Where does this leave us?

RSOL has done some heavy lifting and has cleaned up its balance sheet wiping out all of its debt, eliminating the concentration of its previous largest shareholder Gaiam, and after the Mercury acquisition will have roughly $20 million in cash with a business that is on the cusp of returning to profitability in a space, which is exploding. From conversations with investor relations and management I have concluded that the SCTY business model approach and the resulting valuation differential the market has assigned to the two companies has not been lost on them. Given the success of the SCTY approach and the only barrier to entry for a company with the scale and cost structure of RSOL being that of obtaining the right capital partner, I believe it is a matter of when not if RSOL transitions into the SCTY approach. When they do, I expect fireworks.

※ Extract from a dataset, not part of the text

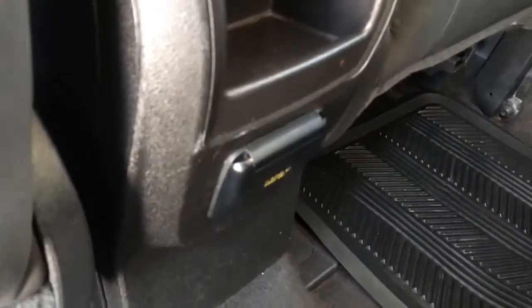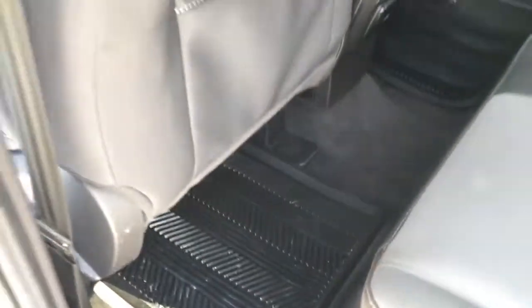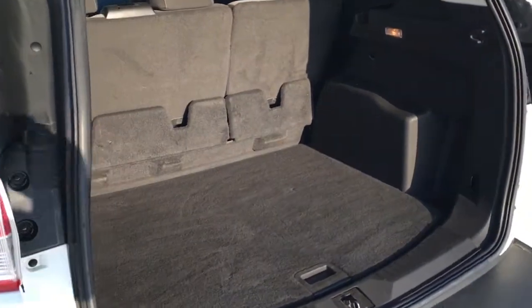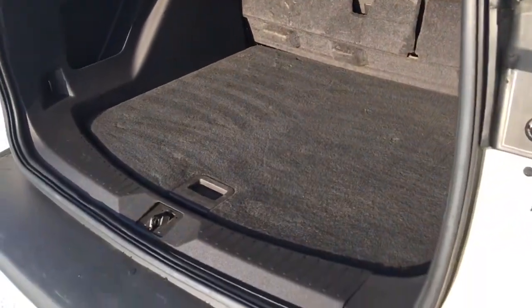In back of the front seats, there's pocketed storage. In back of the front console, a little bit of pocket storage. There's a 110-volt outlet, carpeted floor throughout, as well as rubber floor mats. In back, there's plenty of storage for your day-to-days as well as all your getaways, especially when you fold down the rear seats.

A 10-fold increase in the share price of RSOL would still yield a sub $1 billion market capitalization or less than 25% of the value of SCTY. At $2-3$ per share RSOL is a combination of perhaps one of the greatest opportunities to unlock value and strategic dislocations I have seen in my career. Understandably, the company had to "right the ship" prior to making this move but now that the heavy lifting is nearly complete I would encourage those with the capacity to take risk to do your own due diligence here as the transition to the SCTY approach could yield an epic ride.